╭─ Source information

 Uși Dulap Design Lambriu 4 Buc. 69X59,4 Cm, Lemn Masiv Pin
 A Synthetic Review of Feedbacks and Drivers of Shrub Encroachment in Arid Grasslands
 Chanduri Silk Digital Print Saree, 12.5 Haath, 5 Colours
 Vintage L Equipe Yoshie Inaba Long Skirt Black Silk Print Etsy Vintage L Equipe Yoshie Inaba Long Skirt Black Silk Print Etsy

╰─
╭─ Source information

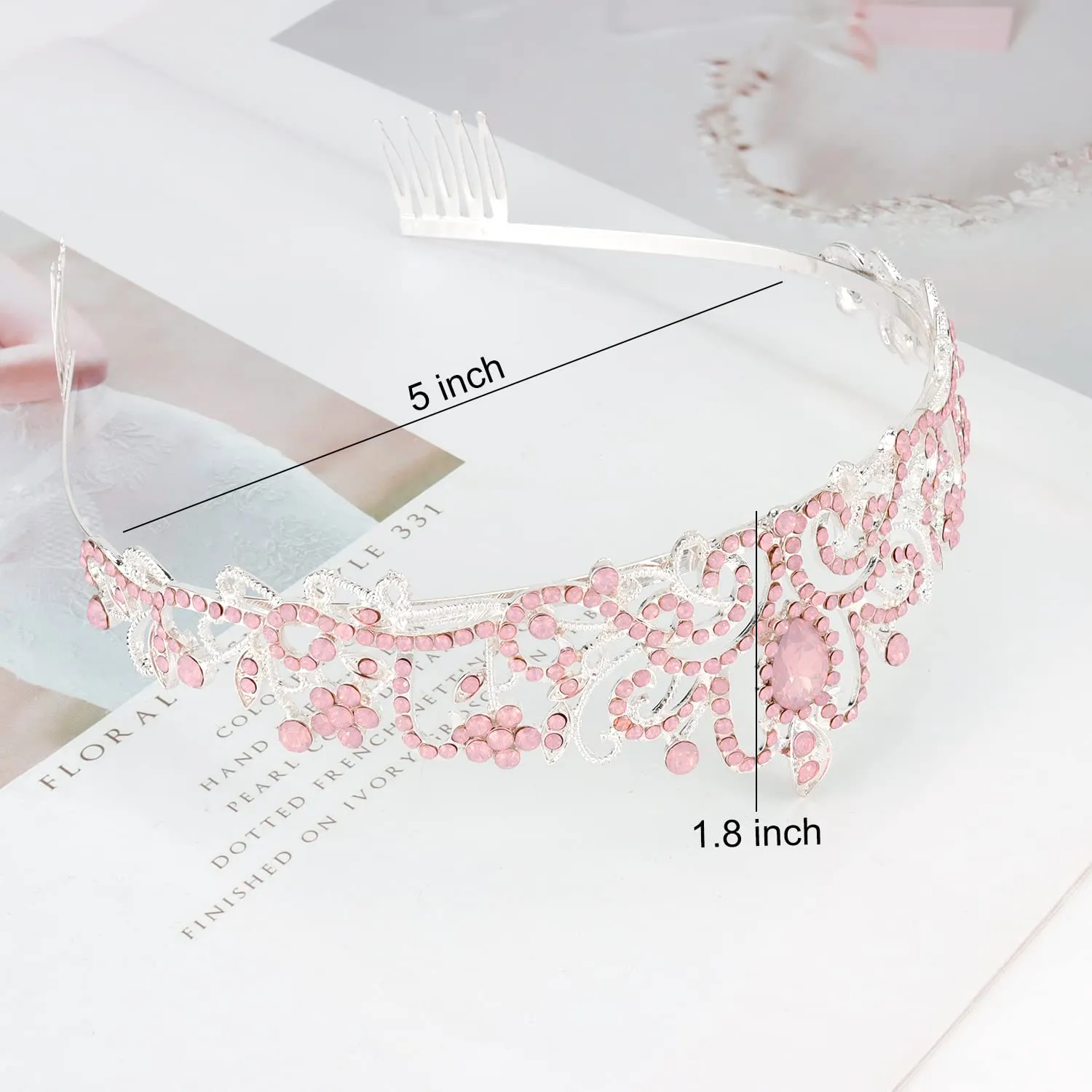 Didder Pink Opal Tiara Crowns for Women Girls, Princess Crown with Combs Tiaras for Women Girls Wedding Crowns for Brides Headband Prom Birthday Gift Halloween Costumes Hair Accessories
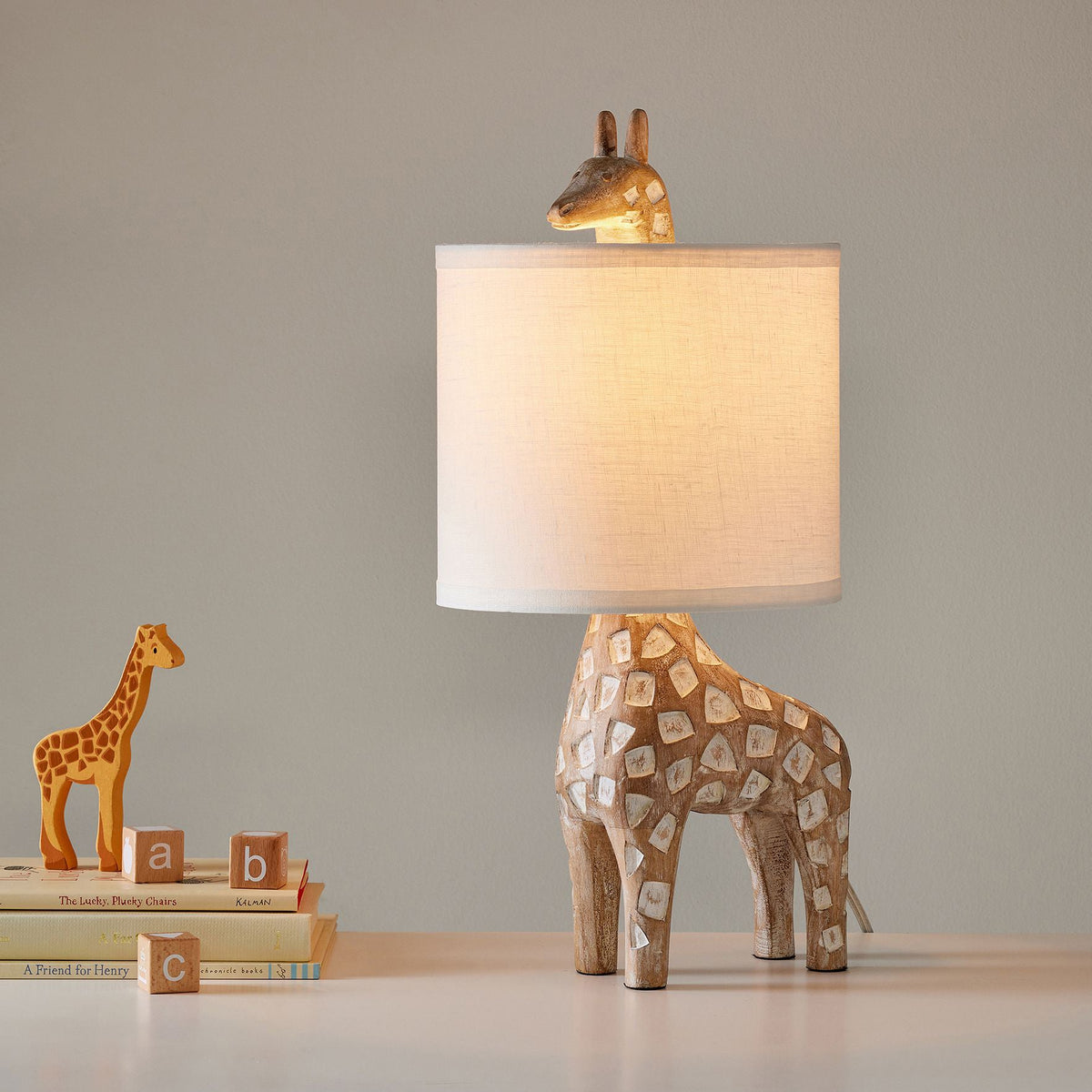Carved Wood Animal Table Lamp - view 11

╰─

What is required
Each line in the data above either holds "Print" or does not. State how many do, as a bare number.

Reply to the task
2